From Continental divide parking lot: Ski up Chickadee valley. The run is the 2nd "skiable" bowl coming off of Mt. Whymper (the first skiable bowl also offers good skiing, but on a much shorter run!). Climbing the first pitch you have 2 choices: Steep moraines, or mini couloir. Pick your poison. For the next pitch there are two more options: Climb up the main bowl, or work your way up through the rocks connecting steeper snow patches. The last pitch is obvious. You've got to find a way to the top!

Other options: As mentioned, the Chickadee Valley is home to some amazing skiing. My personal favourites are the south facing morainal runs at the end of the valley rather than the south west facing slidepaths off of Boom Mountain.

Elevation Gain: 1100m
Total Distance: 12.5km
Top Elevation: 2680m
Line Length: 900m


A photo posted by Peter Knight (@peteyknight5) on



While skiing/climbing the middle pitch, you might notice a couloir! This is an exciting option and it even tops out to the ridgetop if you push it hard enough.
A photo posted by Peter Knight (@peteyknight5) on



Hillmap route 

Saturday, January 14, 2017

Line of the Week: Mt. Storm couloir (Highwood)

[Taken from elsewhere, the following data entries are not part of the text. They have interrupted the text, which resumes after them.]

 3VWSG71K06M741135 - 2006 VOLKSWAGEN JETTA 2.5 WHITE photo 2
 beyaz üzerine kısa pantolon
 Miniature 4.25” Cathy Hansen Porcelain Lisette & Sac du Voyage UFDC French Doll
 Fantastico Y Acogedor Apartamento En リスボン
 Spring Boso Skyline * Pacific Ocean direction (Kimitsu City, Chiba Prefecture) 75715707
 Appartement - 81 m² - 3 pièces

Not to be confused with the windblasted Storm Mountain on the Continental Divide (described in Chic Scott's Summits and Icefields), Mt. Storm's north facing couloir is a striking feature visible from Highway 40 dropping from a notch in the west ridge. As Highway 40 over Highwood Pass is closed from December 1 until June 15, it can be hard to nail the conditions on this line: Full on winter instabilities before the gate drops, and possibly filled with runnels and debris by the time the gate opens. And like most other terrain at Highwood, the snow can be heavily wind affected.

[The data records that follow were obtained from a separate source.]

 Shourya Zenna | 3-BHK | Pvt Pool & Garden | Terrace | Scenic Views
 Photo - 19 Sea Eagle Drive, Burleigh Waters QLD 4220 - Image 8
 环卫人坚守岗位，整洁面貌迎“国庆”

The approach from the roadside parking just south of the main Highwood Pass parking and up through the Arethusa cirque is a little quieter than the pandemonium that goes on at the summit of the pass as people head towards either Ptarmigan or Pocaterra Cirques.

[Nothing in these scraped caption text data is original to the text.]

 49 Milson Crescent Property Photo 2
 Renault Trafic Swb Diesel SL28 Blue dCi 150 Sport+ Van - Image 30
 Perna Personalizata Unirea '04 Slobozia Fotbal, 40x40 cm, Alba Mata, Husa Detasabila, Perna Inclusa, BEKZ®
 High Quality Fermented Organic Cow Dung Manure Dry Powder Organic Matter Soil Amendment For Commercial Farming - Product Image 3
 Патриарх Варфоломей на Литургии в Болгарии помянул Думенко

Total Distance: 4.5km (add another 40km if you want to do this one between December 1 and June 15!)
Total elevation gain: 700m
Top elevation: 2850m
Line Length:250m

Other options: Arethusa cirque holds some good, short, low angle terrain. The bowl below the couloir can be good for a couple of laps. Look for the Arethusa south facing couloir in a future write up.

Hillmap Route

Friday, January 13, 2017

New Kastle TX 65 ?

TX65 pictured from the podium of the "sandbagger category" at the Mountain Attack Race in January 2017 in Saalbach, Austria.
I've enjoyed skiing Kastle skis ever since I had a junior pair with Batman on the topsheets. Craig and I are big fans of our "team ski" the Kastle TX 97, a ski that comes in around 1700g in the 187cm length. It's stiff enough underfoot, has a proper 24.5m radius and has big, softer tips that reward you with stability and float when you take a more forward stance while skiing. Although they are a little heavier than I would like for skimo training (may I should have got the TX 87 instead?) and sometimes they struggle in slabby snow compared to something with more tip taper like a Dynafit Cho Oyu, but I feel privileged to ski such excellent quality skis!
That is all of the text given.